Bug #97103 Altering column collation doesn't seem to affect unique indexes until restart
Submitted: 4 Oct 2019 8:55 Modified: 17 Dec 2019 19:53
Reporter: lalit Choudhary Email Updates:
Status: Closed Impact on me:
None 
Category:MySQL Server: Charsets Severity:S3 (Non-critical)
Version:8.0.17 OS:Any
Assigned to: CPU Architecture:Any

[4 Oct 2019 8:55] lalit Choudhary
Description:
There is some issue with column collation and unique indexes/primary key.

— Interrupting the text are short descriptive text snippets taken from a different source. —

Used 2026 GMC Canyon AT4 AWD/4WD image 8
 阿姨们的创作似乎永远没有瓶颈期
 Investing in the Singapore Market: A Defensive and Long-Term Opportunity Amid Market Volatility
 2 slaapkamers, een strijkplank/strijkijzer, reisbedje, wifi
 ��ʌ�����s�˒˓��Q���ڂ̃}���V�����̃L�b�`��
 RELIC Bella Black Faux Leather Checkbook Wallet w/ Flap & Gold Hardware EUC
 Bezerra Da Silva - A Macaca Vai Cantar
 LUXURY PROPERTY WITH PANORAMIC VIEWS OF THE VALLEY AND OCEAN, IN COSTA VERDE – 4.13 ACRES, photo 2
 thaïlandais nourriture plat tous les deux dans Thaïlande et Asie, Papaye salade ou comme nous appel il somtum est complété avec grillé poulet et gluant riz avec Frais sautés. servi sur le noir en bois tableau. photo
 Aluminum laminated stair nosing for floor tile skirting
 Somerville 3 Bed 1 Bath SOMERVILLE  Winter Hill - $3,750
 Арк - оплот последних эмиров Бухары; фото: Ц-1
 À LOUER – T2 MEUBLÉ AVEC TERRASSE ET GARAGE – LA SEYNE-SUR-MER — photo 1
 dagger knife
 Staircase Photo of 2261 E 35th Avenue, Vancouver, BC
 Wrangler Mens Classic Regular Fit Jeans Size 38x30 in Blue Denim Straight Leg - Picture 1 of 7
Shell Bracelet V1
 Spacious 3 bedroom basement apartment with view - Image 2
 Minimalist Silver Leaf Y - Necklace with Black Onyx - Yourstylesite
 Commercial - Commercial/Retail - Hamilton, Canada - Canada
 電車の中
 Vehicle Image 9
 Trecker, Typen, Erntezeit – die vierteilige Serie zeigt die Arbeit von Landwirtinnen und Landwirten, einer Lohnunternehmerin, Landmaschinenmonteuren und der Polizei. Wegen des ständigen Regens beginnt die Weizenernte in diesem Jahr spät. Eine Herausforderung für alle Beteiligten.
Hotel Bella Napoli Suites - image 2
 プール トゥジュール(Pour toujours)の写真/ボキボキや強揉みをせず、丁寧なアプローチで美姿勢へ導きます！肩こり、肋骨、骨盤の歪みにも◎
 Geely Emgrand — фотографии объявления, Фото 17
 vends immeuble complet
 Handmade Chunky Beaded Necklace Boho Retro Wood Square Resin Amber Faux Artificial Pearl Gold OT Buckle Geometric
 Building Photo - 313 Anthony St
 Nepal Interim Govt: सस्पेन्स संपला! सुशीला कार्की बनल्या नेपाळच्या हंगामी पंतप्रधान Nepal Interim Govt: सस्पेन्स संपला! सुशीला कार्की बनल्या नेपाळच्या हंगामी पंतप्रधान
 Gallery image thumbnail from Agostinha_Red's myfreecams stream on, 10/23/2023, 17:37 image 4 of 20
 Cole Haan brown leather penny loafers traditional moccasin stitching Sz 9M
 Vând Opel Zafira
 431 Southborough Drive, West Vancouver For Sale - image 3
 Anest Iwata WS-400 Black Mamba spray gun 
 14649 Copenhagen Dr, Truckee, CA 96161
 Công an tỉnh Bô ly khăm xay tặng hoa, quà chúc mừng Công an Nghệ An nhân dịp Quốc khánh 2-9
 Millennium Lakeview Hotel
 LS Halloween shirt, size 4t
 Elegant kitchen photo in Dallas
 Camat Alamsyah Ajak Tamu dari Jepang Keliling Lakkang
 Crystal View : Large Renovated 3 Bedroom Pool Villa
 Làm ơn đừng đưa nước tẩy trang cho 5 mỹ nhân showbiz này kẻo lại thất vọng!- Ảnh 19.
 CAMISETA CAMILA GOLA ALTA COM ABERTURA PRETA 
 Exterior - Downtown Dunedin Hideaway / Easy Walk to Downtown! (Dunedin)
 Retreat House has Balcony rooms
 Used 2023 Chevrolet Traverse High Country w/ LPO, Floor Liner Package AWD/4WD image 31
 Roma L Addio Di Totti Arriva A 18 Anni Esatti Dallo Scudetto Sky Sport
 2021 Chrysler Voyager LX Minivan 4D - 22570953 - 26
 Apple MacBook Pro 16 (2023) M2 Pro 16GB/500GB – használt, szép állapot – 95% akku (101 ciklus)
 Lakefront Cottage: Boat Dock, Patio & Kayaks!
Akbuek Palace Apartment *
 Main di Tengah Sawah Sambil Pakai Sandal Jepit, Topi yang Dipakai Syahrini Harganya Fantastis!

Altering column collation doesn't seem to affect unique indexes until restart

How to repeat:
CREATE TABLE `aaa` ( `letter` VARCHAR(1) CHARACTER SET utf8mb4 COLLATE utf8mb4_0900_as_ci NOT NULL , PRIMARY KEY (`letter`)) ENGINE = InnoDB CHARSET=utf8mb4 COLLATE utf8mb4_0900_ai_ci;
Query OK, 0 rows affected (0.05 sec)

show create table aaa \G
*************************** 1. row ***************************
       Table: aaa
Create Table: CREATE TABLE `aaa` (
  `letter` varchar(1) CHARACTER SET utf8mb4 COLLATE utf8mb4_0900_as_ci NOT NULL,
  PRIMARY KEY (`letter`)
) ENGINE=InnoDB DEFAULT CHARSET=utf8mb4 COLLATE=utf8mb4_0900_ai_ci
1 row in set (0.00 sec)

insert into aaa (letter) values ('Đ'),('D');
Query OK, 2 rows affected (0.01 sec)
Records: 2  Duplicates: 0  Warnings: 0

select * from aaa;
+--------+
| letter |
+--------+
| D      |
| Đ      |
+--------+
2 rows in set (0.00 sec)
	
creating the table "correctly" from start works fine, as seen above, now the same with wrong starting column collation

drop table aaa;
Query OK, 0 rows affected (0.06 sec)

CREATE TABLE `aaa` ( `letter` VARCHAR(1) CHARACTER SET utf8mb4 COLLATE utf8mb4_0900_ai_ci NOT NULL , PRIMARY KEY (`letter`)) ENGINE = InnoDB CHARSET=utf8mb4;
Query OK, 0 rows affected (0.06 sec)

ALTER TABLE `aaa` CHANGE `letter` `letter` VARCHAR(1) CHARACTER SET utf8mb4 COLLATE utf8mb4_0900_as_ci NOT NULL;
Query OK, 0 rows affected (0.03 sec)
Records: 0  Duplicates: 0  Warnings: 0

show create table aaa \G
*************************** 1. row ***************************
       Table: aaa
Create Table: CREATE TABLE `aaa` (
  `letter` varchar(1) CHARACTER SET utf8mb4 COLLATE utf8mb4_0900_as_ci NOT NULL,
  PRIMARY KEY (`letter`)
) ENGINE=InnoDB DEFAULT CHARSET=utf8mb4 COLLATE=utf8mb4_0900_ai_ci
1 row in set (0.00 sec)

insert into aaa (letter) values ('Đ'),('D');
ERROR 1062 (23000): Duplicate entry 'D' for key 'PRIMARY'
insert into aaa (letter) values ('Đ'),('D');
ERROR 1062 (23000): Duplicate entry 'D' for key 'PRIMARY'

restart mysqld service.  reconnect and insert works

show create table aaa \G
*************************** 1. row ***************************
       Table: aaa
Create Table: CREATE TABLE `aaa` (
  `letter` varchar(1) CHARACTER SET utf8mb4 COLLATE utf8mb4_0900_as_ci NOT NULL,
  PRIMARY KEY (`letter`)
) ENGINE=InnoDB DEFAULT CHARSET=utf8mb4 COLLATE=utf8mb4_0900_ai_ci
1 row in set (0.00 sec)

insert into aaa (letter) values ('Đ'),('D');
Query OK, 2 rows affected (0.02 sec)
Records: 2  Duplicates: 0  Warnings: 0
[4 Oct 2019 9:17] Hrvoje Novosel
Just a further note, doing table rebuild with
alter table aaa engine=innodb;
fixes it without the need to restart mysql
[4 Oct 2019 14:11] MySQL Verification Team
Hello Mr. Choudhary,

Thank you for your bug report.

I have run your test case and got identical results, which means that this is a bug.

Verified as reported.
[8 Oct 2019 2:25] Tsubasa Tanaka
This problem has workaround but very dangerous.
No one who think UNIQUE constraint doesn't work until restart or re-construct table.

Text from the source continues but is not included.